Data extract:
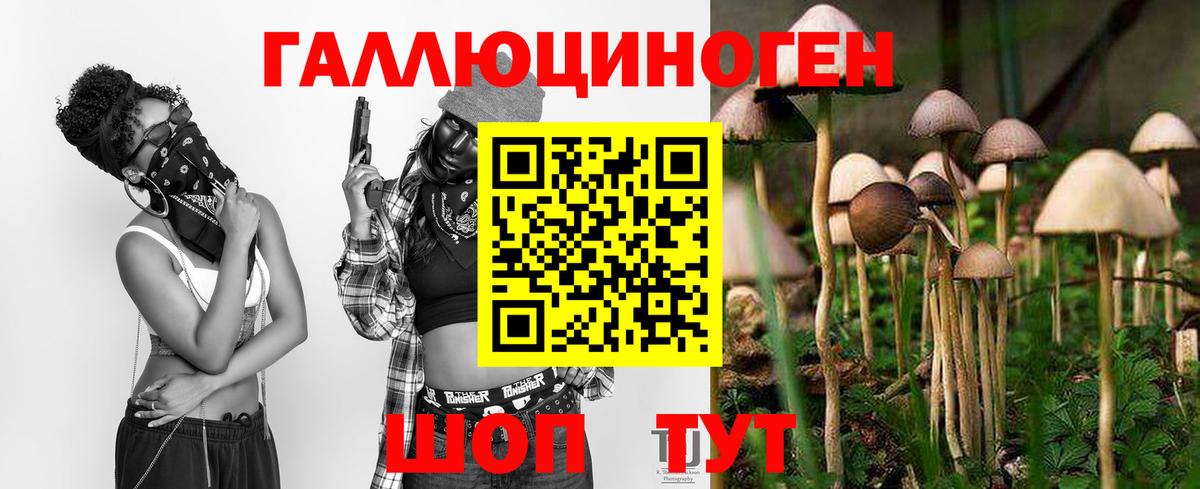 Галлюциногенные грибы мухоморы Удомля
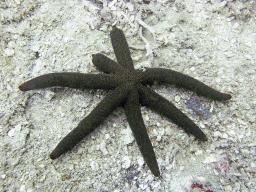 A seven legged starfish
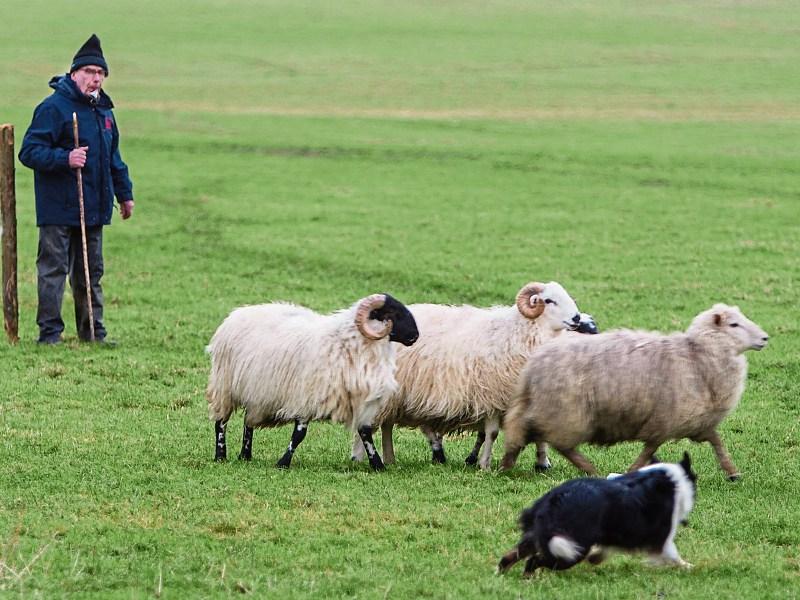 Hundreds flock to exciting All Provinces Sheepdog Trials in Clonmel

What the task asks:
Counting both ends, reproduce word for word the lines from the line with "A seven legged starfish" to the final line of the listing above, skipping every picture.

Reply:
 A seven legged starfish
 Hundreds flock to exciting All Provinces Sheepdog Trials in Clonmel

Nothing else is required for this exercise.